### Extracted entries
◇ ◇ ◇ ◇ ◇

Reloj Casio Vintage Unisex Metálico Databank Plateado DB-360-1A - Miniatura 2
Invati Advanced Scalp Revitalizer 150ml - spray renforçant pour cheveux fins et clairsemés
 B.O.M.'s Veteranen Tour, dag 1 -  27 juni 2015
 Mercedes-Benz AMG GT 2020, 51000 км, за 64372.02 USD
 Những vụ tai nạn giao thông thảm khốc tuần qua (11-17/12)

◇ ◇ ◇ ◇ ◇

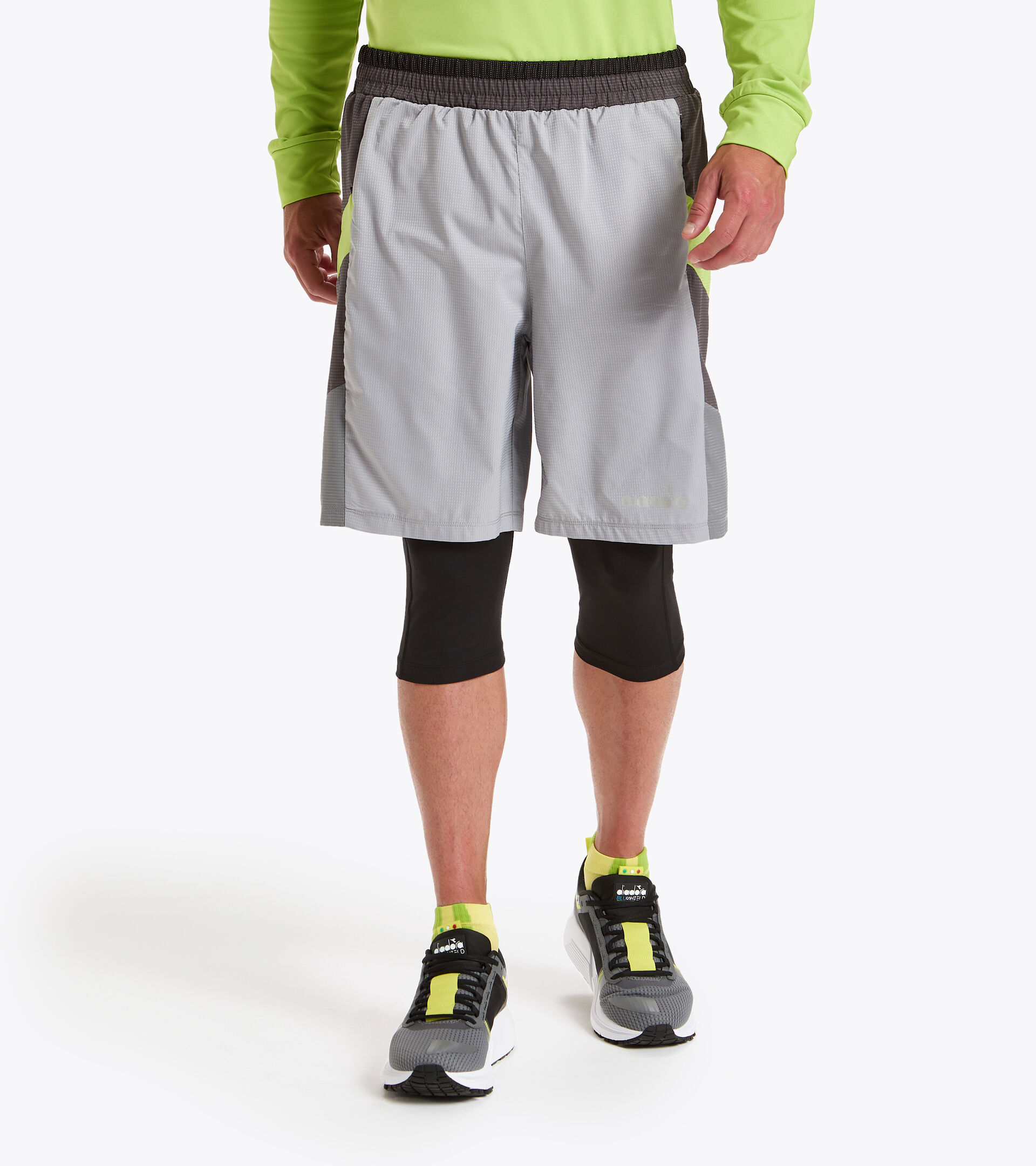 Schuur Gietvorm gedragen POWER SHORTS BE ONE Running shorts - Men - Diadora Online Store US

◇ ◇ ◇ ◇ ◇

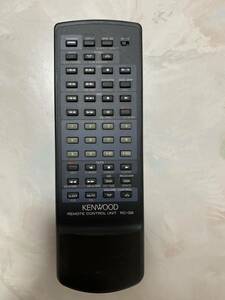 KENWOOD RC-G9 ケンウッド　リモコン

◇ ◇ ◇ ◇ ◇

### Your goal
Only the lines above from the line with "Invati Advanced Scalp" to the line with "Những vụ tai", those two lines included, should be reproduced exactly.

### Output
Invati Advanced Scalp Revitalizer 150ml - spray renforçant pour cheveux fins et clairsemés
 B.O.M.'s Veteranen Tour, dag 1 -  27 juni 2015
 Mercedes-Benz AMG GT 2020, 51000 км, за 64372.02 USD
 Những vụ tai nạn giao thông thảm khốc tuần qua (11-17/12)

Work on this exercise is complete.